And way out in Seattle
Young Kurt Cobain
Snuck out to the greenhouse
Put a bullet in his brain
Snakes in the grass beneath our feet
Rain in the clouds above
Some moments last forever
But some flare out with love, love, love
– The Mountain Goats, ‘Love Love Love’
April 5th, 2014 marked the twenty year anniversary of the suicide of Nirvana frontman Kurt Cobain. Anniversaries naturally invoke remembrance; for the (in)famous and the dead, this remembrance occurs on a global scale.
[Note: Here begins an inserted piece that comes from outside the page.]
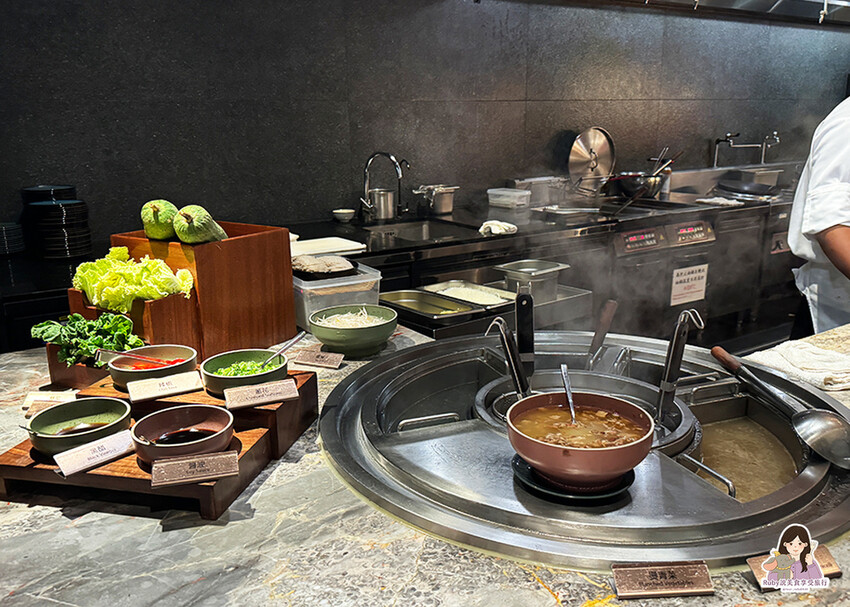 【台北自助餐】島語自助餐廳，共有八個島檯，主打一餐檯、一Fi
News.com.au marked the anniversary by “debunking the Nirvana myths,” while The Independent collated part of a photographic exhibition dedicated to the king of grunge. James Lachno’s piece in The Telegraph emphasised Nirvana’s role as “the ultimate soundtrack to teen rebellion,” and local media outlets around the world dedicated their remembrances to recounting the (often only) time Nirvana were in their individual geographical boundaries.
Music writers attempted more nuanced analyses of Cobain’s anniversary. Barnard Zuel in the Sydney Morning Herald asked whether Nirvana’s work truly stood the test of time (spoiler alert: yes, sort of), while Everett True used his column space in The Guardian blog to bemoan the mythologisation of Cobain since his death.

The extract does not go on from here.